For a moment I was not in that club. I was on the wall again, with the stranger looking up at me, his face still lost in shadow. What could such a creature do to us at Temple Huacho? What had he already done?
“Is it really the same man?” I whispered. “Can it be, after so many years?”
“He is very old—very much older than he seems—and clever. He has learned to use the kobolds to extend his life far beyond any natural limit. He is certainly the oldest player alive in the world today.”
“You know this?”
She nodded. “His history can be traced back almost four hundred years. There is no doubt it is the same man, in the same life. Since Phau he has been seen many times—and far more often, this last half year. But his interest lies with the cessant cults. I can’t guess why he came to Temple Huacho.”
I nodded, more frightened now than I had been on that night. “I have to go.”
The player’s eyes were grave as she regarded me. “Perhaps it’s best. But if you want to find me again, come back to this room.” She tapped the table. “Leave a message here. My name is Udondi Halal.”
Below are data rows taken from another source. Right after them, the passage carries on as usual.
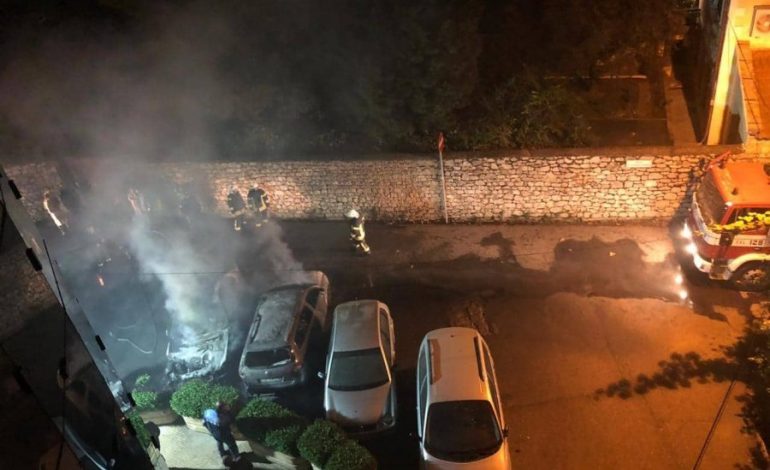 TRONDITET SHKODRA/ Shkrumbohet gjatë natës makina e gjyqtarit te njohur, dyshohet për zjarrvënie të qëllimshme (EMRI)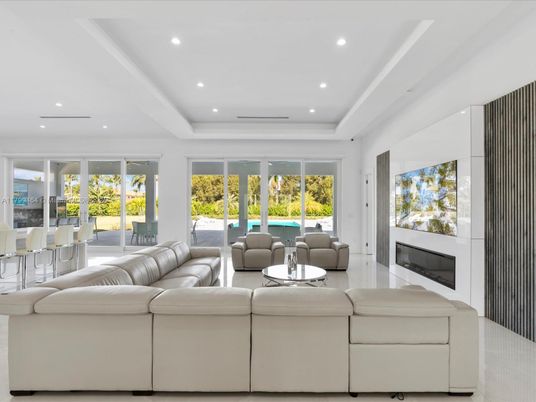 Fireplace, Interior, Living room, Recessed Lighting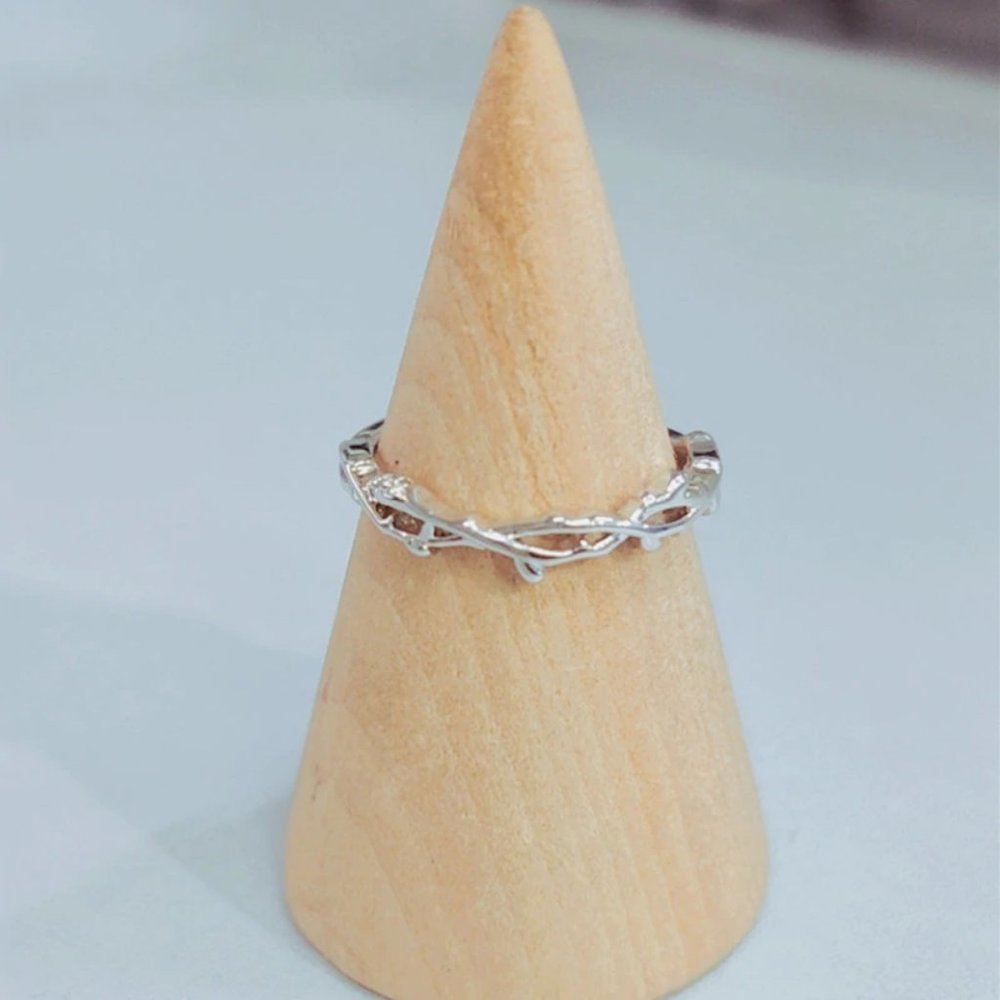 NEW 925 Sterling Silver Leaf Adjustable Ring - Picture 5 of 8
I started to close the link… but there was one more question I had to ask. “This Kaphiri… does he ever have another with him? A young man who can survive the silver too?”
Udondi Halal saw through me then. She knew I’d told her only part of my story. Though her expression did not change, I felt suddenly cold before her gaze. “That is a strange question.” She glanced at my scarred hand, which in life was poised to tap the link off. Then she met my gaze once again. “This is truth, Jubilee Huacho. Kaphiri makes many promises, but I’ve never heard of anyone following him out of death.”
I nodded, my thank you barely escaping my dry throat.
Then I closed the link.
When I looked again at the orchard the sunshine seemed to me only a fleeting promise. In just a few hours dusk would come, the time of silver. And then Kaphiri might return too.
In the days that followed I lived in a state of nervous terror, jumping at any odd noise in the night, or the sweep of an unexpected shadow. I didn’t talk to Yaphet, though my mother must have notified his family because he sent me a formal letter of condolence.